What is being asked — All that is wanted is the exact text of the lines below from the one with "GBM team Magnet (Devant)" through the one with "Luisa Spagnoli Кардиган", inclusive, minus any pictures.

Records provided —
▼▼▼

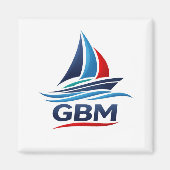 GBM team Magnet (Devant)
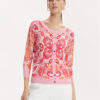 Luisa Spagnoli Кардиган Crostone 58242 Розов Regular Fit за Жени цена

▲▲▲
▼▼▼

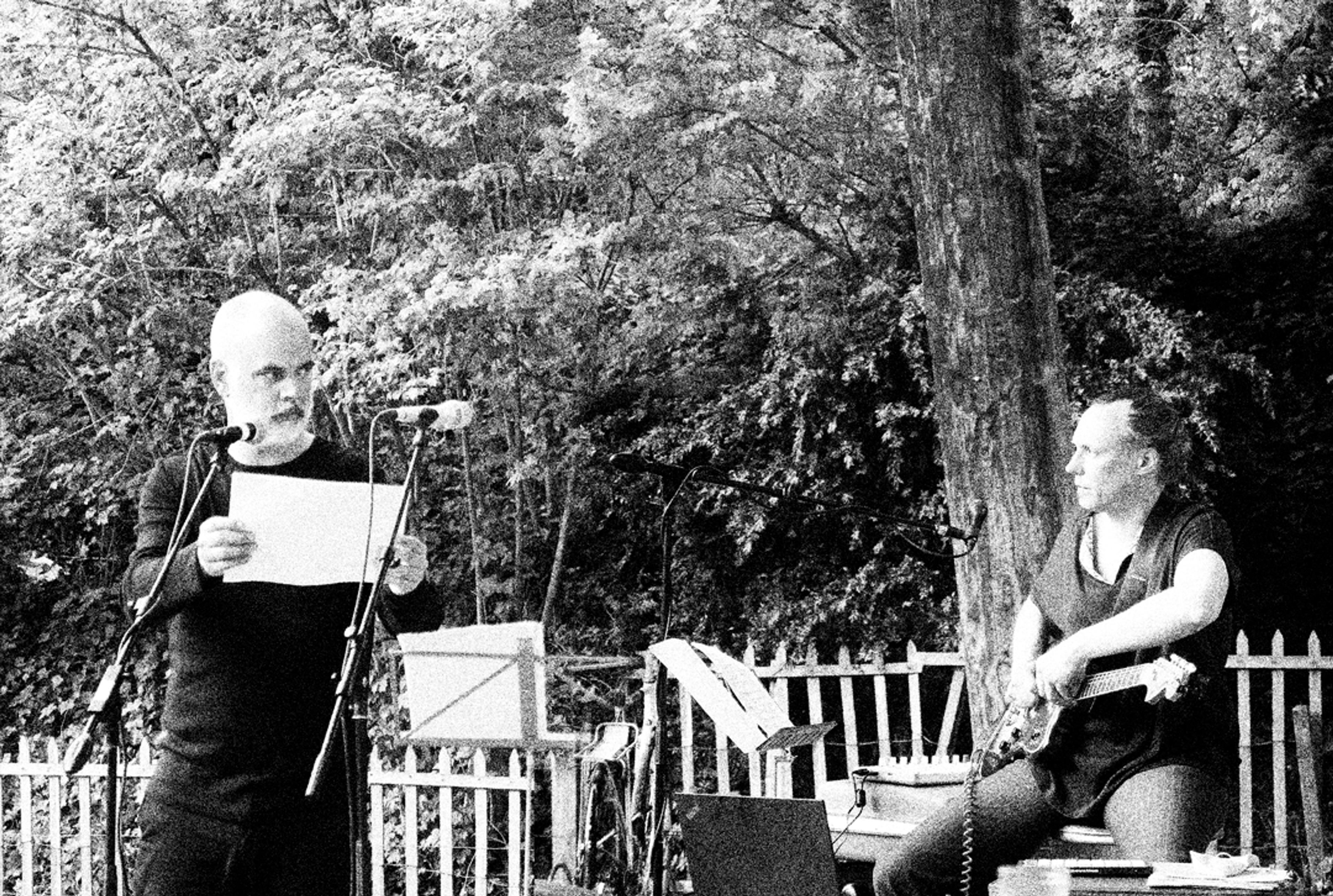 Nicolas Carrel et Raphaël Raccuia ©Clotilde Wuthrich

▲▲▲
▼▼▼

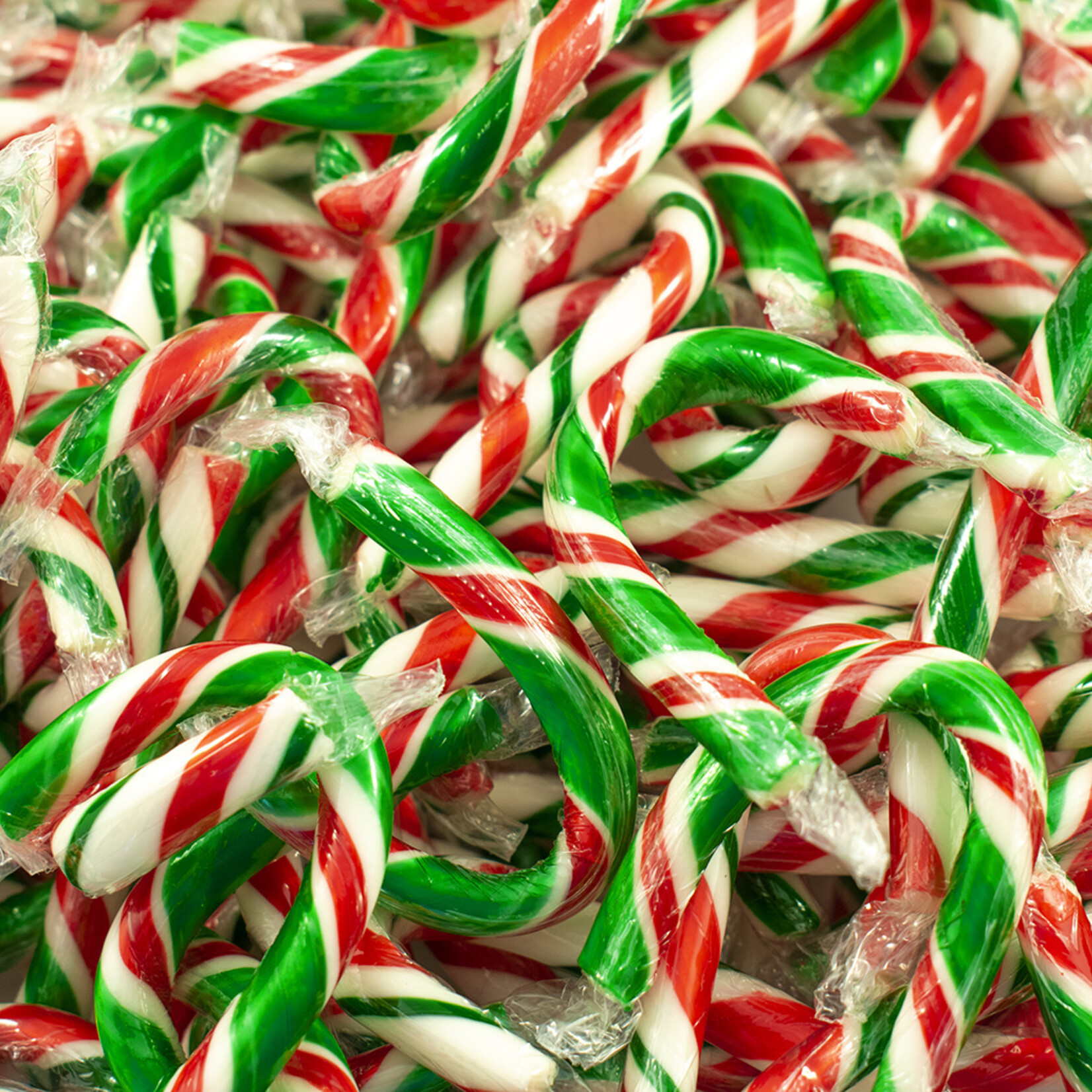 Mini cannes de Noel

▲▲▲

Problem solution —
 GBM team Magnet (Devant)
 Luisa Spagnoli Кардиган Crostone 58242 Розов Regular Fit за Жени цена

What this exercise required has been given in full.